* What the exercise asks
Reproduce exactly the lines that run from the start of the records below to the line with "南朗专业结婚证证件制作，打造独一无二的爱情见证", inclusive.

* Information given
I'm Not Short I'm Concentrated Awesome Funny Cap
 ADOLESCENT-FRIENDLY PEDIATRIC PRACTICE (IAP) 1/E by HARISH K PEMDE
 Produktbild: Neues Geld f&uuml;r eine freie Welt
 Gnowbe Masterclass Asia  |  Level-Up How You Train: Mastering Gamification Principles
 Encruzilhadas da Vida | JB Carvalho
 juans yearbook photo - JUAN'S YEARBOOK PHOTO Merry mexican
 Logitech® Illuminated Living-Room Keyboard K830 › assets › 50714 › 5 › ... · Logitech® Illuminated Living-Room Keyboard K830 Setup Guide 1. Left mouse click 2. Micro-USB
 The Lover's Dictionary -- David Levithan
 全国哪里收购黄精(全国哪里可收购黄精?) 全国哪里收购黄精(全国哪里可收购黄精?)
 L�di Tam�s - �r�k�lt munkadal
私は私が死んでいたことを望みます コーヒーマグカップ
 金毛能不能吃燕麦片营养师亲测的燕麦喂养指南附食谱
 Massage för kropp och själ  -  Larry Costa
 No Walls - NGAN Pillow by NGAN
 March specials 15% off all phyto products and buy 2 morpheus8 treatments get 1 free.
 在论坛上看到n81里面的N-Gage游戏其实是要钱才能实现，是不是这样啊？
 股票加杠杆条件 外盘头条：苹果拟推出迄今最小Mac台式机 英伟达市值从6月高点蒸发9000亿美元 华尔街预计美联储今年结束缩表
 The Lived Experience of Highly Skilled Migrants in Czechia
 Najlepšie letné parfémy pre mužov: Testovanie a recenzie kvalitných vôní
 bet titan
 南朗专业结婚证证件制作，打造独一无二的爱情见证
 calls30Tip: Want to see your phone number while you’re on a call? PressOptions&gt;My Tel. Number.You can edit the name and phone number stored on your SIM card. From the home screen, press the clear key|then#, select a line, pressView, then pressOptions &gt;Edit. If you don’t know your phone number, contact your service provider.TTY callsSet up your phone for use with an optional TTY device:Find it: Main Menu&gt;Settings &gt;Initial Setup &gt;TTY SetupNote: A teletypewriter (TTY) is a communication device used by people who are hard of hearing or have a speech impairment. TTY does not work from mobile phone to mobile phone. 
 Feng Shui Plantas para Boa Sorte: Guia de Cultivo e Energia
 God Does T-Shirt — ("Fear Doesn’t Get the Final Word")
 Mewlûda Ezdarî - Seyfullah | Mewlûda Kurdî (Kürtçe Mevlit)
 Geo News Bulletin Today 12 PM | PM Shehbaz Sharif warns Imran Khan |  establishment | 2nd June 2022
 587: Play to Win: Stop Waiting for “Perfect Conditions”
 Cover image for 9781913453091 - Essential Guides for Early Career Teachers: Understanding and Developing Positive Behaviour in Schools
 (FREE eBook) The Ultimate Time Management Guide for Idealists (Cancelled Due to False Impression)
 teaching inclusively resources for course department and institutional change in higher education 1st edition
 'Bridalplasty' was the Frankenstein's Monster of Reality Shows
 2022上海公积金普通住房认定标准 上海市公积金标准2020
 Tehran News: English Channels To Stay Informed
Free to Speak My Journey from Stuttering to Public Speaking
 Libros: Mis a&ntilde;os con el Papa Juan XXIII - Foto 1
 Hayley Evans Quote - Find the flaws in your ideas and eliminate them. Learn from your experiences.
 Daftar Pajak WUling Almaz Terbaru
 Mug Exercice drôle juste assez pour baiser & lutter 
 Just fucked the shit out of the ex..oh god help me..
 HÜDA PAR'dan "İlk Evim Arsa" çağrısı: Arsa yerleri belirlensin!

* Reply
I'm Not Short I'm Concentrated Awesome Funny Cap
 ADOLESCENT-FRIENDLY PEDIATRIC PRACTICE (IAP) 1/E by HARISH K PEMDE
 Produktbild: Neues Geld f&uuml;r eine freie Welt
 Gnowbe Masterclass Asia  |  Level-Up How You Train: Mastering Gamification Principles
 Encruzilhadas da Vida | JB Carvalho
 juans yearbook photo - JUAN'S YEARBOOK PHOTO Merry mexican
 Logitech® Illuminated Living-Room Keyboard K830 › assets › 50714 › 5 › ... · Logitech® Illuminated Living-Room Keyboard K830 Setup Guide 1. Left mouse click 2. Micro-USB
 The Lover's Dictionary -- David Levithan
 全国哪里收购黄精(全国哪里可收购黄精?) 全国哪里收购黄精(全国哪里可收购黄精?)
 L�di Tam�s - �r�k�lt munkadal
私は私が死んでいたことを望みます コーヒーマグカップ
 金毛能不能吃燕麦片营养师亲测的燕麦喂养指南附食谱
 Massage för kropp och själ  -  Larry Costa
 No Walls - NGAN Pillow by NGAN
 March specials 15% off all phyto products and buy 2 morpheus8 treatments get 1 free.
 在论坛上看到n81里面的N-Gage游戏其实是要钱才能实现，是不是这样啊？
 股票加杠杆条件 外盘头条：苹果拟推出迄今最小Mac台式机 英伟达市值从6月高点蒸发9000亿美元 华尔街预计美联储今年结束缩表
 The Lived Experience of Highly Skilled Migrants in Czechia
 Najlepšie letné parfémy pre mužov: Testovanie a recenzie kvalitných vôní
 bet titan
 南朗专业结婚证证件制作，打造独一无二的爱情见证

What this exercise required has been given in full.